The Good, The Bad, The Ugly

I knew years ago in my one car
garage in Point Loma, San Diego that my product the Bottle Breacher was special
and that I was on to something much bigger than my original idea of
supplemental income. I also knew that if
we were going to build something amazing, that it had to be done right. I knew we would have to overcome the odds and
do something that many manufacturers and business owners avoid at all cost. Being made in America. I am proud to say that even after all the
exposure, the inquiries and offers to manufacture our product off shore that we
are still made in the USA. Not only is
our manufacturing still here, but so are our jobs.

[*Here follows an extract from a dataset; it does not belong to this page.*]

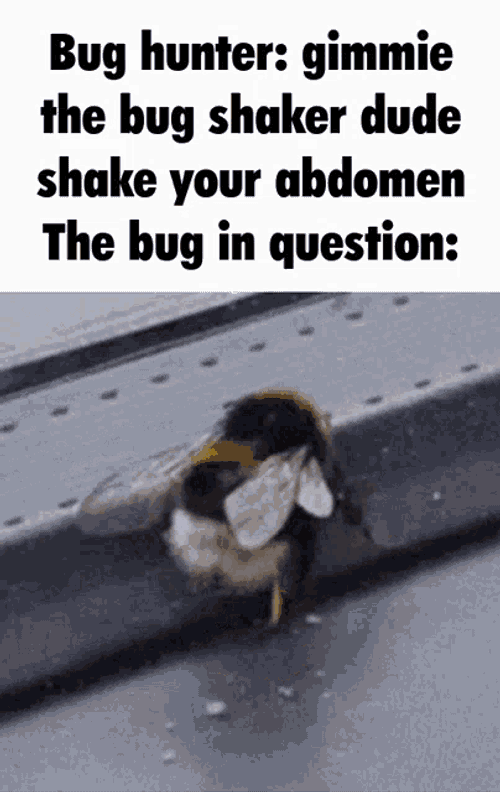 Hood Irony GIF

I would like to be completely honest
and admit that as a boy and even a young man I had no allegiance or preference
to made in America products. This is not
something I am proud of. Like they say,
“you don’t know what you don’t know.” After making the commitment to be a made
in America brand I now have a huge respect for those companies and businesses
that take the road less traveled and at times price themselves right out of
certain markets and channels.

I have learned that there are many benefits to manufacturing
here in the USA. One of the biggest
reasons is because I feel it is the
right thing to do and the people that work at Bottle Breacher have a sense of pride
about it. I also love doing business
face to face. I routinely hop on a plane to travel across the country to check
out a new process or equipment I want to purchase.
I want to meet with people in person so I get a better feel for
them and what kind of business they run. You
can have the best product or service in the world but if there aren’t great
people behind it then it won’t last and stand the test of time. As a matter of fact, 90% of the manufacturing
we do is done right here in Tucson, AZ. Most
of the time I don’t even have to hop on a plane, I can just drive over and drop in to see exactly what issues there are, or why a process is delayed. I also love the fact that once a
product is complete I don’t have to wait 30 days for it to travel in a cargo
container on a boat half way around the world and then be held up in customs
for another week or two. The final
reason I like manufacturing here in the USA is because I feel like a lot of
consumers are starting to catch on to why it is important to give these
products a second look and why it’s worth to spend a few extra dollars on them.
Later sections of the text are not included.